Then the kids witness the spectacle of government goons beating up a white
couple and expropriating their house. (They are obviously Robert Mugabe’s
goons, but the dictator’s name is given only as “our president” in the text.)
Later the grown-ups, part of the democratic opposition to Mugabe, go to the polls
in the hope of changing things for the better. They are stomped on. The kids
are at the funeral of the ironically-named Bornfree, who has been murdered by
the Mugabe crowd.
By now, you
are convinced that this is a depressing novel of unrelieved sordor, aren’t you?
But here is the paradox. In spite
of all these terrible things that are depicted, the first-person, present-tense
narration of Darling is vibrant, almost buoyant. Among much else, We Need New Names is about the
resilience of children. We feel with Darling. We do not pity her.
She is growing up with an observant eye and we are aware that there is a
certain pitilessness in the gaze of children who have to observe the worst of
life at close quarters. It is their defence mechanism and shield.
With unblinking gaze, Darling
watches the Chinese contractors bulldozing slum homes so that the government
can “relocate” people. Her attitude to visiting foreign reporters, who come to
photograph the slums, is strictly ironical. So is her depiction of the
Pentecostal church, which announces itself in capitals on a billboard thus: “HOLY
CHARIOT CHURCH OF CHRIST – IT DOESN’T GO BACKWARDS, IT DOESN’T GO SIDEWAYS, IT
DOESN’T GO FORWARDS. IT GOES UPWARDS TO HEAVEN. AMEN!” (Chapter 2 Pg.30)
In the worst possible
circumstances there is laughter and there is possibility and there is life,
even if it takes the grotesque form of the kids acting out Freeborn’s murder at
his funeral.
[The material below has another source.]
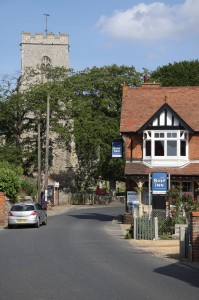 Weybourne Ship Inn 29Jun13 038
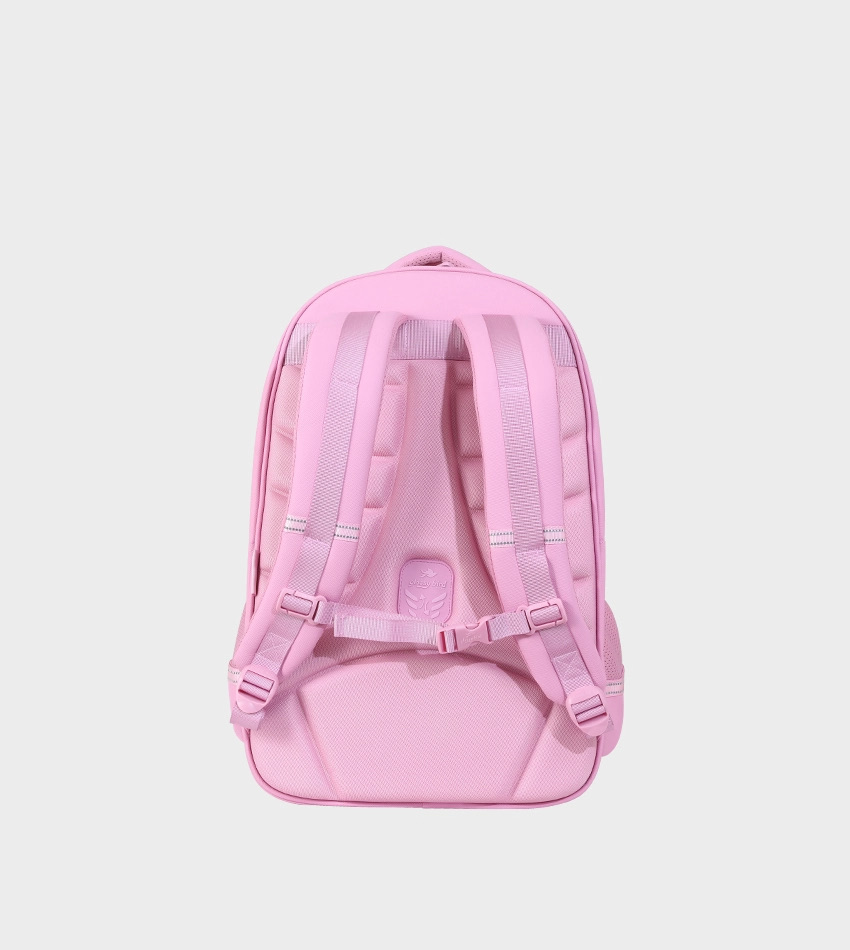  Backpack With Pencil Case Multi Comp Premium 19" - GB5515P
There is also the no-nonsense kids’ game that is part of the
reason for the novel’s title, and that shows an unsentimental appreciation of
the realities of power. The kids gather to play the game:
“But
first we have to fight over the names because everybody wants to be certain
countries, like everybody wants to be the U.S.A and Britain and Canada and
Australia and Switzerland and France and Italy and Sweden and Germany and
Russia and Greece and them. These are the country-countries. If you lose the
fight, then you just have to settle for countries like Dubai and South Africa
and Botswana and Tanzania and them. They are not country-countries but at least
life is better than here. Nobody wants to be rags of countries like Congo, like
Somalia, like Iraq, like Sudan, like Haiti, like Sri Lanka, and not even this
one we live in – who wants to be a terrible place of hunger and things falling
apart? If I’m lucky like today, I get to be the U.S.A., which is a
country-country; who doesn’t know that the U.S.A. is the big baboon of the
world?” (Chapter Three, Pg.49)
Darling’s desire to go to America
(as the author did) is signalled early in a passage of free-flowing
conversation that is a good example of NoViolet Bulawayo’s ability to link
ideas and tensions with a child’s physical experience:
“I’m going to America to live with my aunt Fostalina, it won’t be long,
you’ll see, I say, raising my voice so that they all can hear. I start on a
brand-new guava; it’s so sweet I finish it in just three bites. I don’t even
bother chewing the seeds.
America is too far, you midget,
Bastard says. I don’t want to go anywhere where I have to go by air. What if
you get there and find it’s a kaka place, and get stuck and can’t come back?
Me, I’m going to Jo’burg, that way when things get bad, I can just get on the
road and roll without talking to anybody; you have to be able to return from
wherever you go.
I look at Bastard and think what to
say to him. A guava seed is stuck between my gum and my last side tooth and I
try to reach for it wit my tongue. I finally use my finger: it tastes like
earwax.” (Chapter 1, p.14)
Among the
skilful things in this early passage is the way possible disillusion is raised
(“What if you get there and find it’s a
kaka place?”). This will loom larger in the second half of the novel.
Ms.
Bulawayo is generally careful in sustaining a child’s-eye perspective and
keeping Darling’s observations ones that a young girl could plausibly make.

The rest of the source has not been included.